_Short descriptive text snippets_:
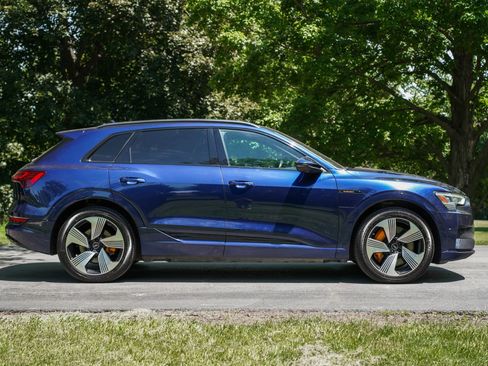 Used 2022 Audi e-tron Premium Plus AWD/4WD image 4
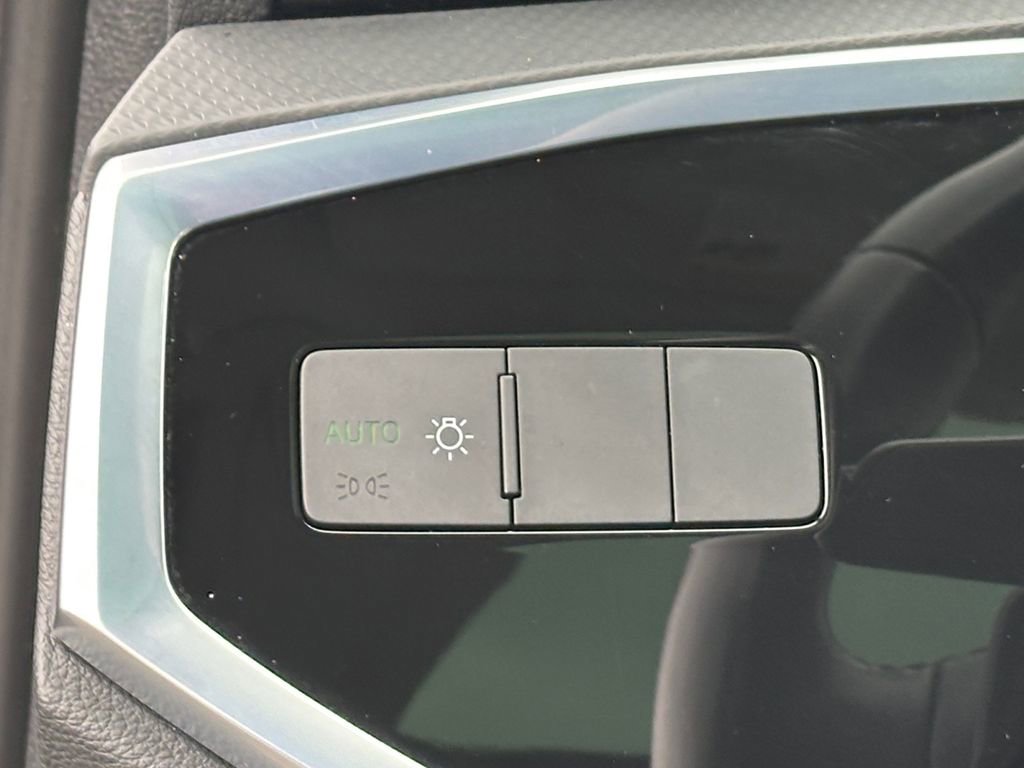 Used 2022 Audi Q3 2.0T Premium w/ Convenience Package image 20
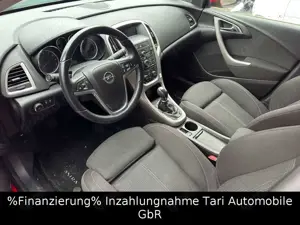 Opel Astra J 1.4 Sports Tourer Edition Motor qualmt ! Bild 4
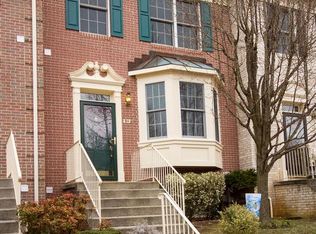 949 Walnutwood Rd, Cockeysville, MD 21030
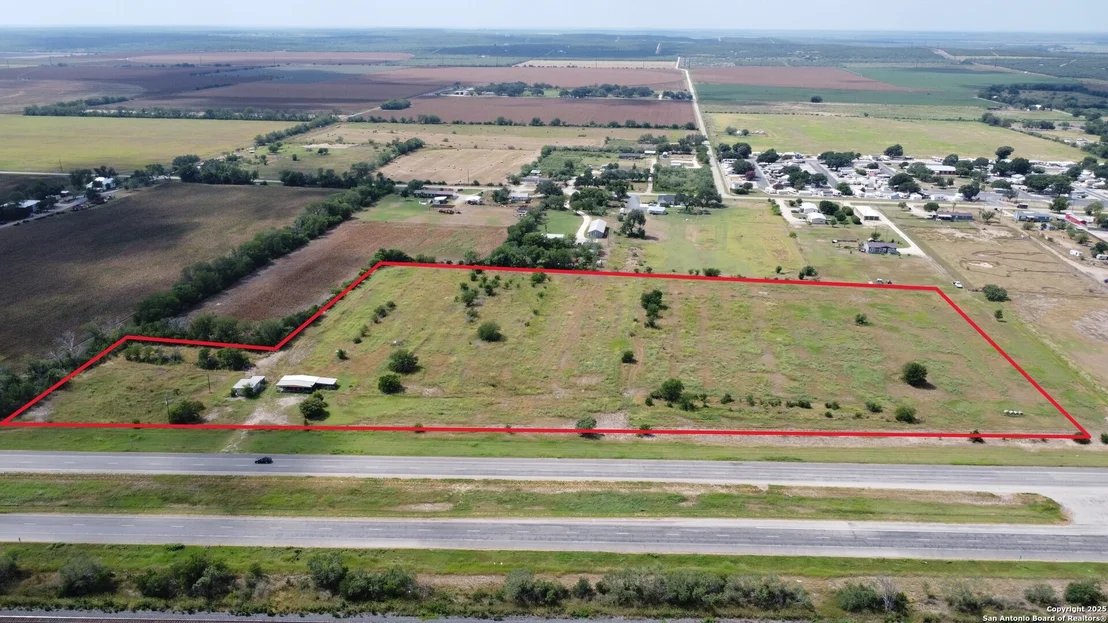 Photo of 5985 Highway 90 W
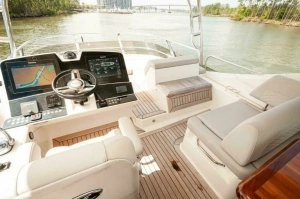 2018 Sea Ray L550 Flybridge thumbnail 4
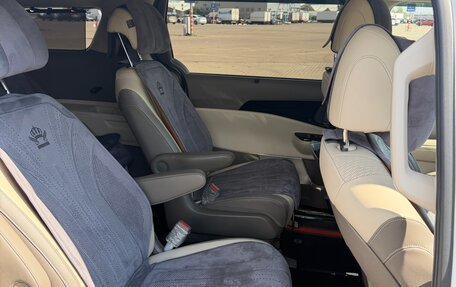 KIA Carnival, 2020 год, 3 750 000 рублей, 26 фотография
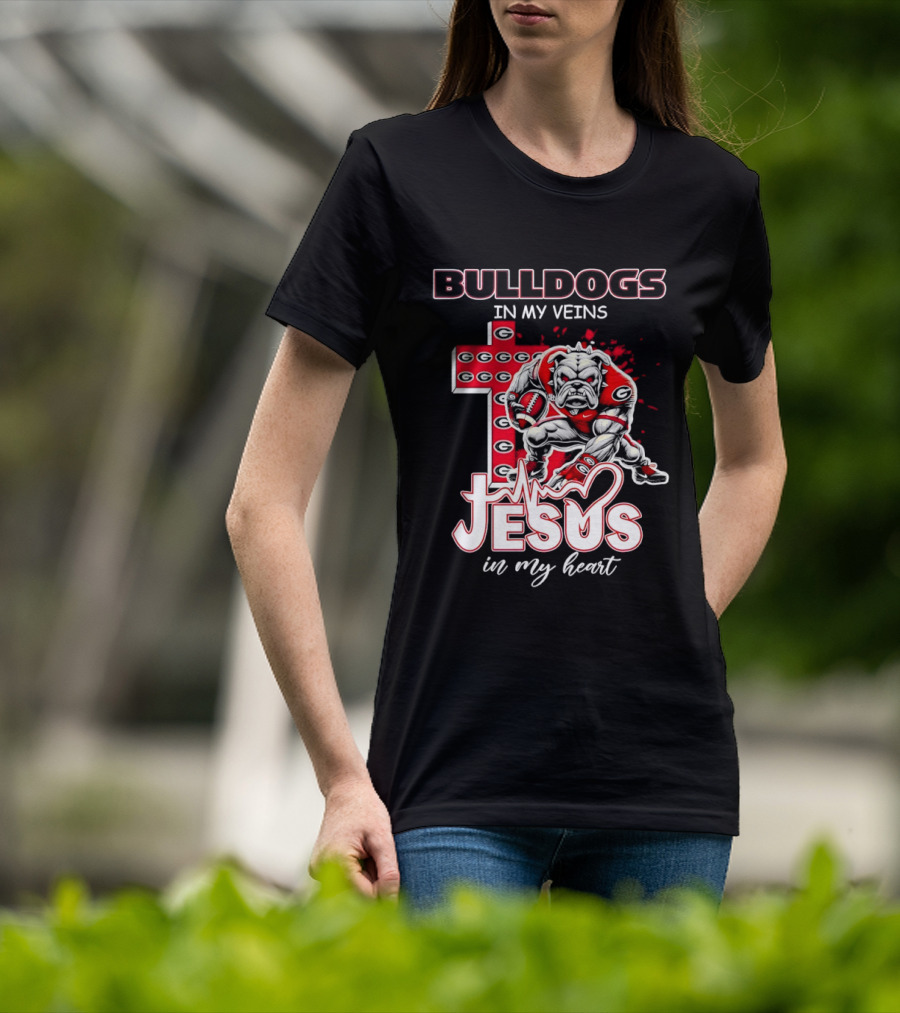 Bulldogs In My Veins Jesus In My Heart Cross Shape T-Shirt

_Task goal_: All that belongs in the answer is the lines from the line with "949 Walnutwood Rd, Cockeysville, MD 21030" through the closing line of the entries, inclusive, transcribed exactly and free of pictures.

_Your response_:
 949 Walnutwood Rd, Cockeysville, MD 21030
 Photo of 5985 Highway 90 W
 2018 Sea Ray L550 Flybridge thumbnail 4
 KIA Carnival, 2020 год, 3 750 000 рублей, 26 фотография
 Bulldogs In My Veins Jesus In My Heart Cross Shape T-Shirt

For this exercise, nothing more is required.